While some blame for the jump in consumer inflation can be attributed to world oil prices and climatic influences on food prices, we have many home-grown sources of inflation.



Over the first eight years of this century, the average annual growth in the CPI has been 3.3%, but the health group has been running at 5.0% a year.



A dissection of this figure hints at the causes. Hospital and medical services have been rising at 5.9% a year. Much of this comes from private insurance, which has been rising at 6.4% a year since 2001, wiping out most of the benefit of the 30% rebate.



This trend is entrenched. Michael Armitage, CEO of the Australian Health Insurance Association, explained the problem in an interview on the ABC Breakfast program, when he was defending the insurers’ claims for price increases:

They are going to be faced with a huge tsunami of costs for the ensuing twelve months, over which they have no control. They have to go to their fund members and say “we need more money”.



The rise in hospital and medical services is offset by more modest price rises in optical services and pharmaceuticals – 2.2% and 2.8% respectively. That is, they have been lower than inflation generally.



Optical services are subject to high rates of bulk billing. Prescription pharmaceutical co-payments (which are used in the CPI) are set by the Commonwealth; they are not left to the forces of a market distorted in favour of producers.



These figures carry a message for a Treasurer concerned with an inflation problem. As US experience shows, and as we are now learning, private insurance is a major driver of health care inflation. A government can contain health care inflation either through development of competitive markets or through strong interventions involving price control; the choice rests, in part, on the government’s ideology.

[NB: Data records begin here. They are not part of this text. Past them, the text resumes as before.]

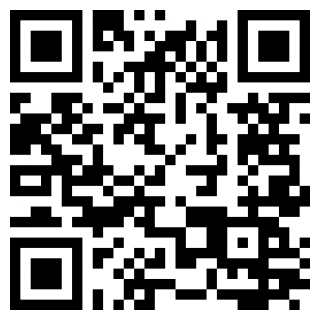 顽鹿运动安卓版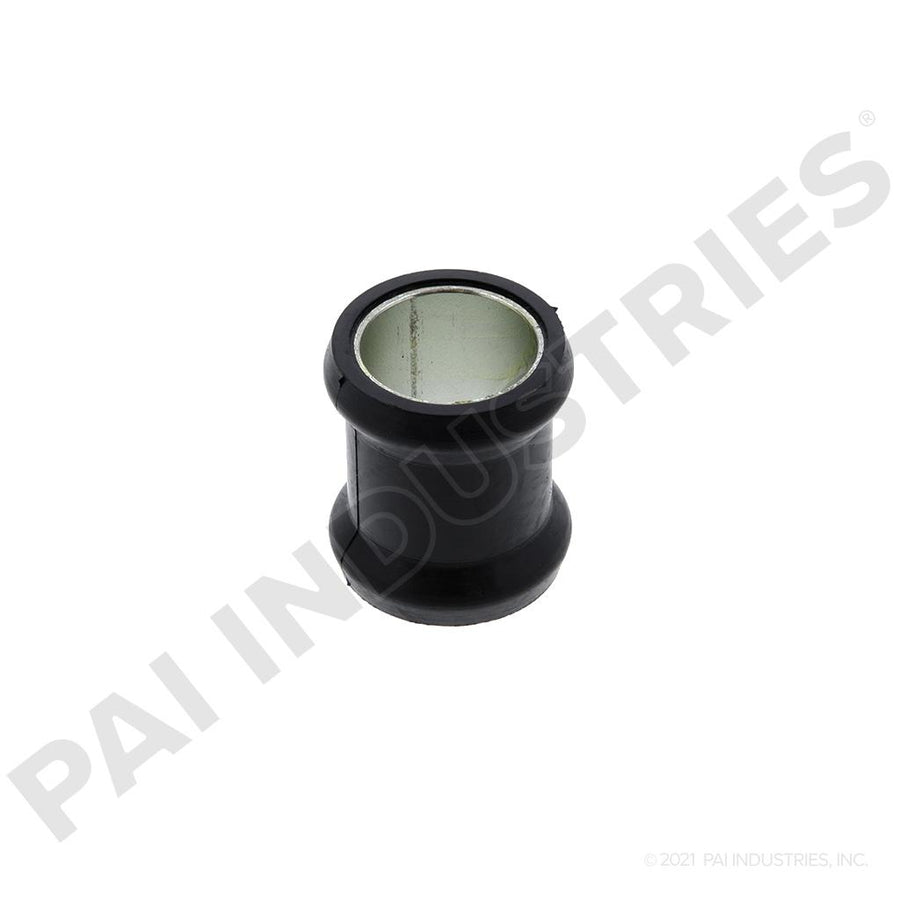 COOLANT TUBE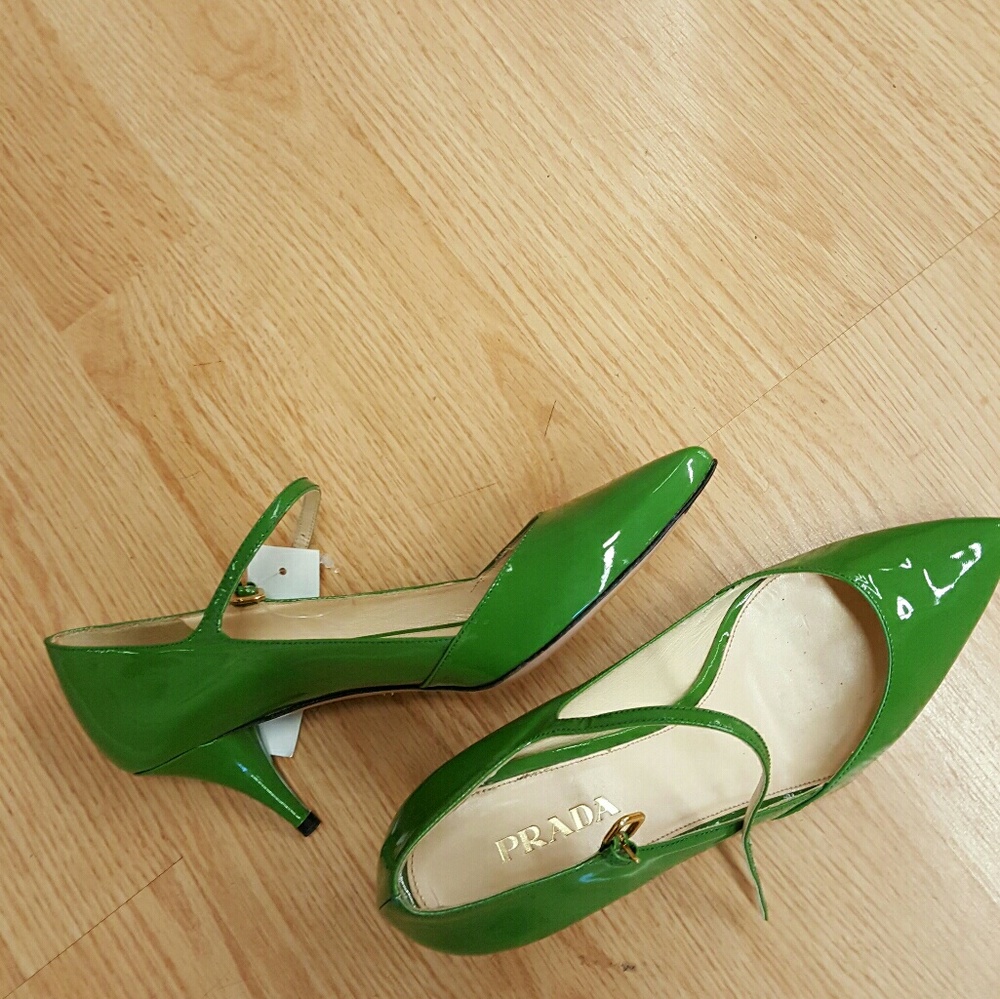 Meet your Posher, Swathi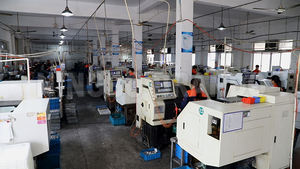 1090/6 Flare (SAE) 3/4 Zoll <span class=keywords><strong>2</strong></span>-Wege Normalerweise Geschlossenes Kühlschrank-Magnetventil für HVAC-Kühlräume 24VDC 110VAC 220VAC - Product Image 6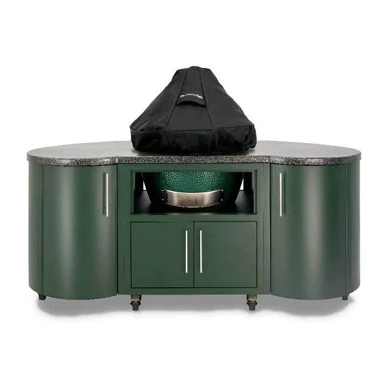 championbbqsupply20260701171610935141
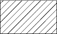 Постановление Правительства Красноярского края от 06.12.2022 N 1053-п "О внесении изменений в постановление Правительства Красноярского края от 15.11.2016 N 569-п "Об утверждении границ зон охраны объектов культурного наследия федерального, регионального и местного (муниципального) значения, расположенных в г. Красноярске, особых режимов использования земель и требований к градостроительным регламентам в границах данных зон охраны"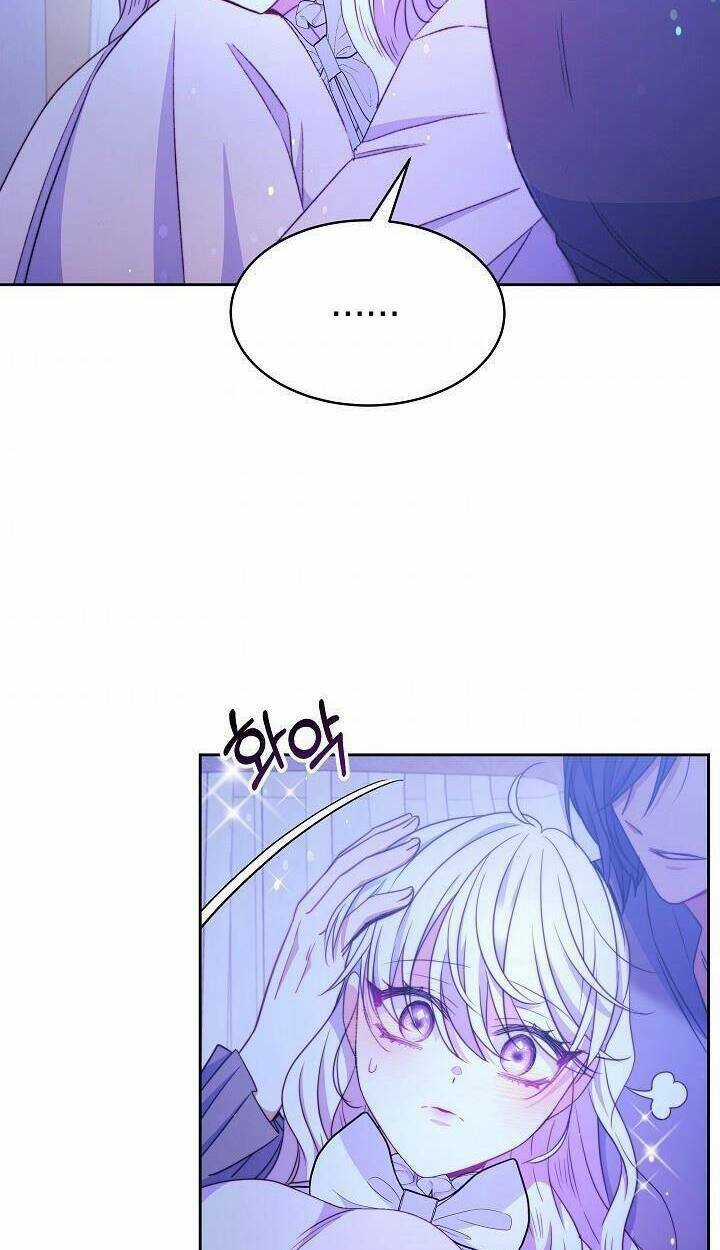 Nàng Evangeline Chapter 28 trang 36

Private insurance fits neither model: in providing services which are free or heavily subsidized at the time of delivery it muzzles those price signals which control demand in normal markets. The notion “HCF/BUPA/NIB will pay for it” carries the same incentives as the notion “Medicare will pay for it”, but, as international experience shows, single national insurers, such as Medicare, have the clout to contain service providers’ prices — a clout which Michael Armitage points out is not available to private insurers.

Advice to our Treasurer: get rid of support for private insurers. There is no case for subsidising a financial intermediary imposing a $1 billion overhead on our health system and contributing to inflation. If you want to support private hospitals (there is a good case for doing so), support them directly, with incentives to compete with public hospitals rather than providing each sector with its privileged source of funding — government funding for public hospitals and private insurance for private hospitals.

As J K Galbraith said about indirect subsidies, “if you want to feed the chickens feed the chickens; don’t feed the horse and rely on the chickens to pick up the seeds from the horse sh-t.”